The Wall Street Journal | By: Kate King | October 19, 2017:

Cape May Point has benefited from a nature preserve built on the site of the former South Cape May, which was abandoned by residents 60 years ago after hurricanes and flooding. Since the preserve was completed, homeowners have submitted fewer flood insurance claims.

South Cape May, a beach village on New Jersey’s southern tip that at one point had a trolley, four-story building shaped like an elephant and Victorian homes, no longer exists. In its place is a 456-acre nature preserve and state park. Known as Lower Cape May Meadows, the area serves as a crucial stopover for migrating birds and helps protect inland neighborhoods from dangerous storm surges.

Since the nature preserve was completed in 2007, homeowners in nearby Cape May Point have submitted fewer flood insurance claims, according to a 2014 study by the Nature Conservancy, which owns the preserve. Cape May Point is a small residential community located just west of the popular seaside resort of Cape May.

“The roads don’t flood at all now,” said Nancy Kirtland, 71, who has lived in the borough for 22 years. “Even superstorm Sandy resulted in very little damage.”

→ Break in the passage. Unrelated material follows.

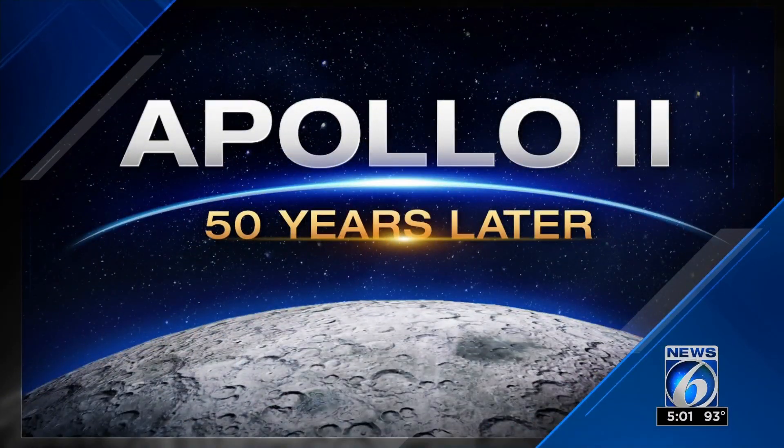NASA is planning to go back to the moon in five years, with hopes of using that as a jumping off point to go to Mars and beyond. But before we went to the moon 50 years ago, we sent robots there — and NASA is getting ready to do the same thing for Mars.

Environmental experts say the project offers a model for how communities can retreat from vulnerable oceanfront while helping protect inland areas from the effects of expected rising sea levels. The state has earmarked $375 million in mostly federal funds to buy out and demolish homes in flood-prone areas, but so far has focused these efforts on tidal communities rather than coastal towns.